In 1956 the student count was 102. That year, Ed Reay became the school's superintendent. A residence for the superintendent opened in 1959. In 1961, the Legislature of Idaho began allowing the school to admit students under the age of 6. A clinic and cafeteria, a residence hall for female students, a swimming pool, an elementary school facility and administration building, and a library and classroom were established in 1962, 1963, 1965, 1968, and 1975, respectively. The total enrollment was up to almost 400 as of August 31, 1977.
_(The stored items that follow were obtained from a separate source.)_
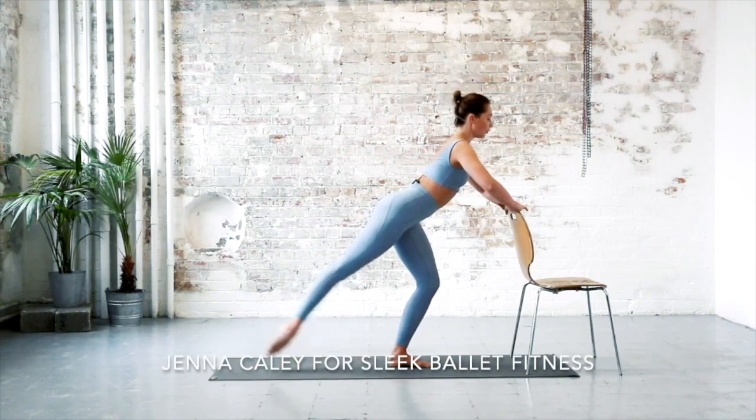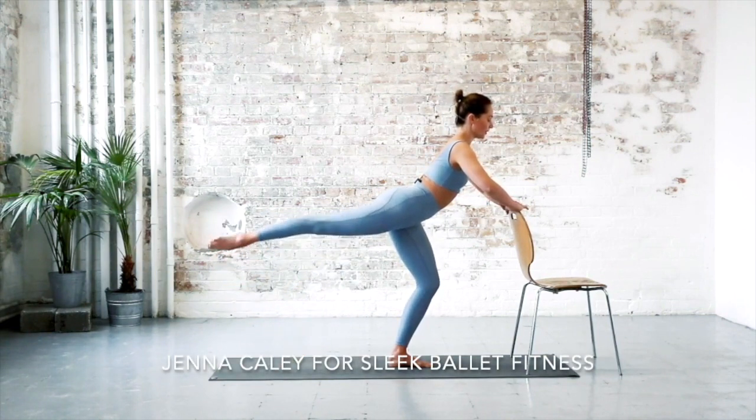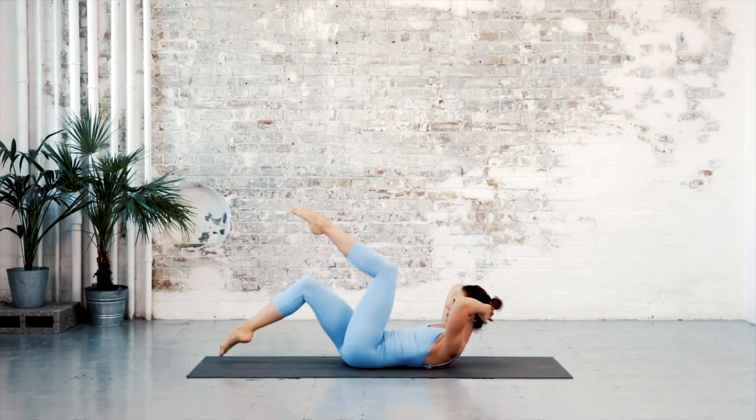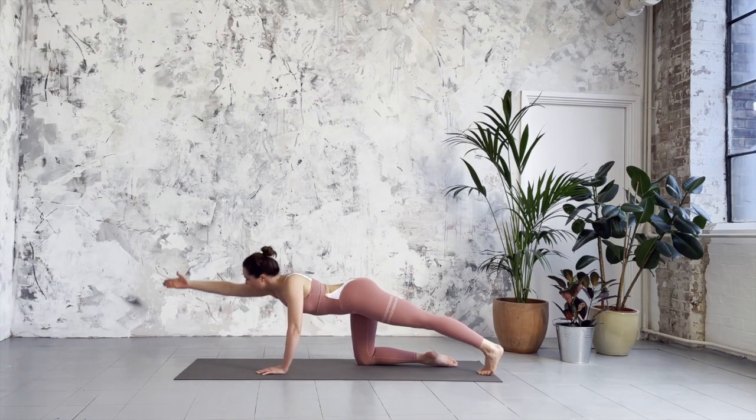Dancers' strength, tone and flexibility is down to their training. It's not exclusive to dancers and now everybody can access it in these fantastic series of workouts with Principal Dancer Jenna Kaley.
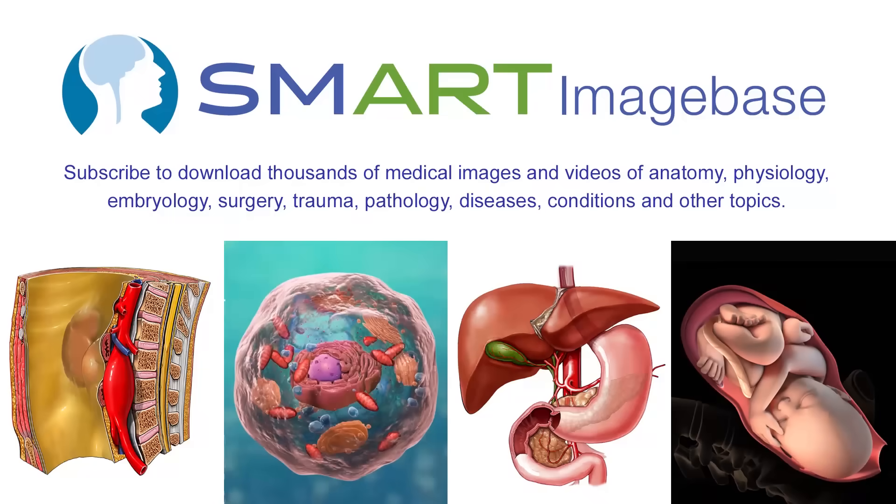This animation is brought to you by the Smart Image Base, a subscription website where you can download thousands of medical images and videos to use in lectures, courses, presentations, professional training, and more. For more information, click on the link in the description.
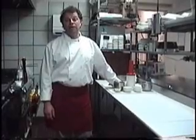Hi, my name is Paul Cataldo, and I own Antonio's Italian restaurant in El Carde, Indiana. Today we'll be making a farfalle with pine nuts.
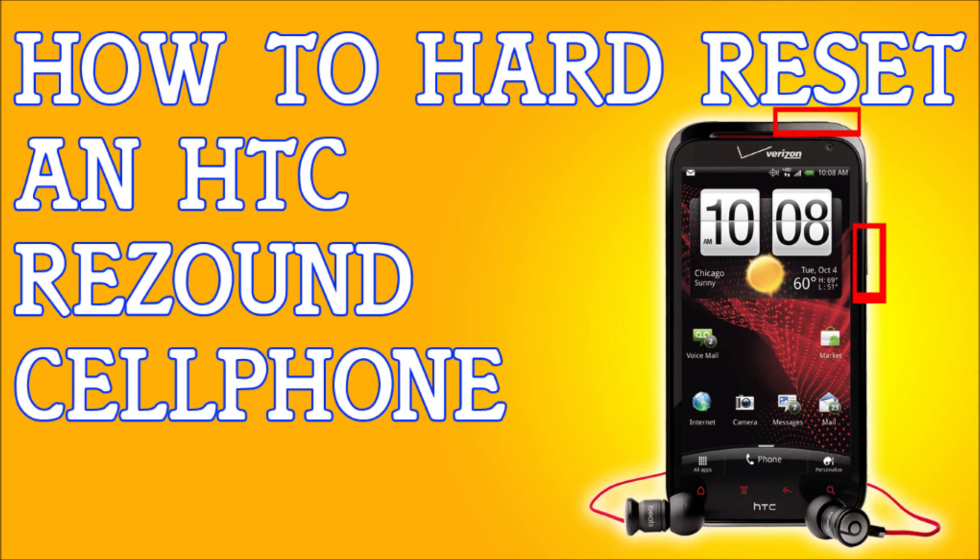You're going to press and hold the volume down button. While pressing it, very briefly hold down the power button for about two to three seconds, then let go of the power button — but continue to hold the volume down button.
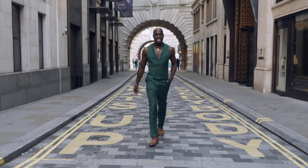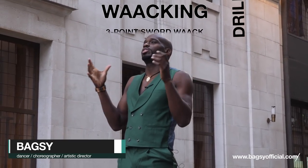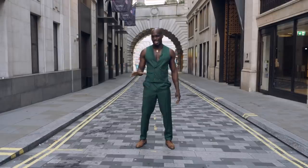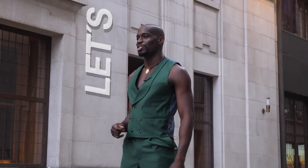What's up everybody, we're back again for another edition of Whacking with BagsyOfficial.com. I hope you're ready for some more drills, skills, concepts, techniques, punking, posing, styling — all the necessary information that you need to make this whacking dance your own. Are you guys ready? Let's go.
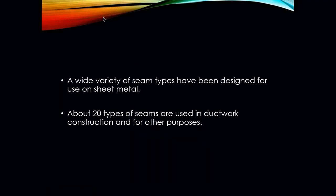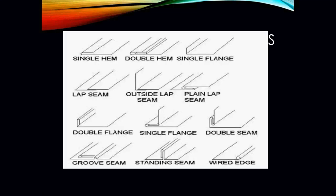There are a variety of seam types designed for use in sheet metal — probably somewhere around 20 that are actually used in sheet metal, ductwork, and construction, all for different purposes. In this picture here, we have examples: a single hem, a double hem, a single flange, a lap seam, an upside lap seam, a plain lap seam, double flange, single flange, double seam, groove seam, standing seam, and a wired seam or wired edge — just to name a few. All of these seams have different applications and different uses.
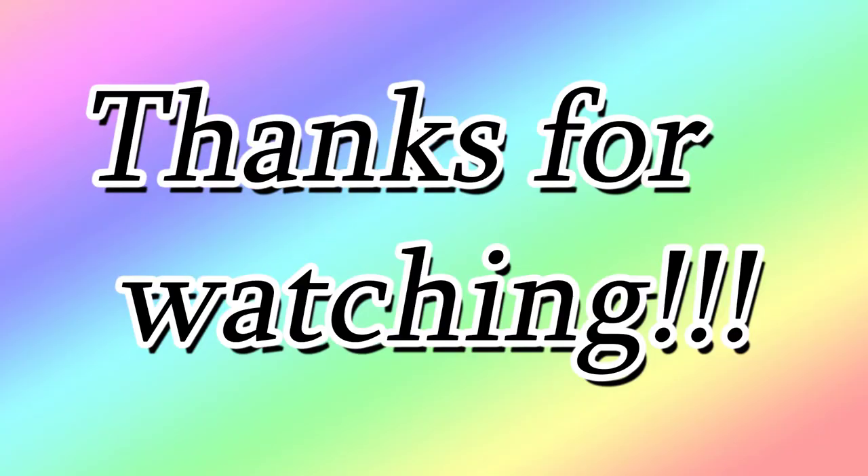I do want to thank everyone for watching. I know this was a little bit of a shorter video, but if you like the video please like, comment, and subscribe. Have a great day!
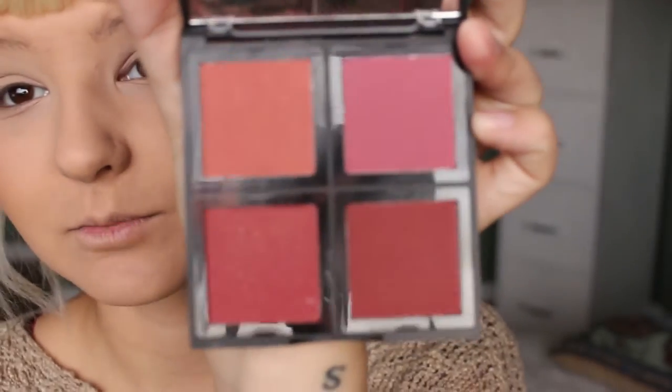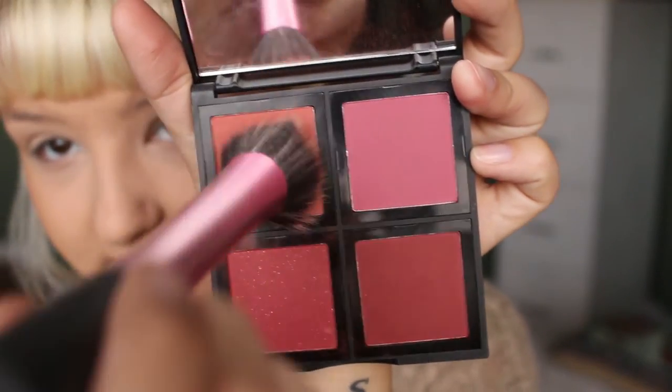I don't know which blush I'm going to use today. Let's go with this guy — this is the e.l.f. blush palette in dark. It's very, very pigmented, so watch out. I just kind of mix it in, bring it forward, picking it a little bit and then dabbing it on my cheekbone right here.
Ángel Ramos became the school's superintendent on August 1, 2001. He later wrote a book about a protest.

In 2004 there was a controversy over the education style for the deaf students. Some parents argued that the school should have emphasized more lip reading and speech instead of relying mostly on American sign language.

By 2023 the school had a four day per week schedule.

==Campus==
In 1977 the campus had 40 acre of area.

The campus includes school facilities, cottages, sports fields and a home for the administrator. Each cottage holds about 10 students and they eat family style, do chores and keep their rooms clean. They have study groups, TVs and lounging areas.

==Programs==
The school had programs tailored for deaf-blind students with the Deaf-Blind Center, established in 1972. The enrollment in the center in 1973 was 15.